In 2005, legendary cinéaste Jean-Luc Godard conceived an exhibition to accompany his upcoming film retrospective at the Centre Pompidou in Paris. He envisioned nine themed rooms—walk-in installations incorporating film, video, blown-up movie stills, artworks, photographs, books, printed quotations and objects—leading visitors through the history of cinema and, by extension, the 20th century. Plans went as far as the construction of detailed maquettes, but Godard’s epic proposal ultimately collided with budgetary constraints and bureaucratic cold feet. The resulting 2006 show occupied a paltry three rooms, the last of which featured the models stacked haphazardly atop one another.
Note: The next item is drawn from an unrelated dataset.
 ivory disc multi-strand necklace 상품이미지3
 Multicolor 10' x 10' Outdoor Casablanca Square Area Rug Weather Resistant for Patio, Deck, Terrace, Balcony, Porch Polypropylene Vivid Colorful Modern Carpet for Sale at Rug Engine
Displayed here on a variety of informal supports—cardboard boxes, shipping pallets and an old trunk—the restored maquettes seem less like the relics of a failed project than they do intellectually and visually compelling artworks translating Godard’s ideas and methodologies into three dimensions. Myth, for example, includes a picture of Mickey Mouse in cowboy drag. The Camera features two spinning disks, a pile of nuts and bolts and an iPod playing an excerpt from a pornographic film. Murder, with repeated images of knives and scissors, alludes to the editing process while The Bastards juxtaposes images from John Ford’s film The Searchers, set during the Texas–Indian wars, with real-life pictures of wartime atrocities. Walking through the show is a bit like being inside Godard’s head, observing his fierce intelligence at work.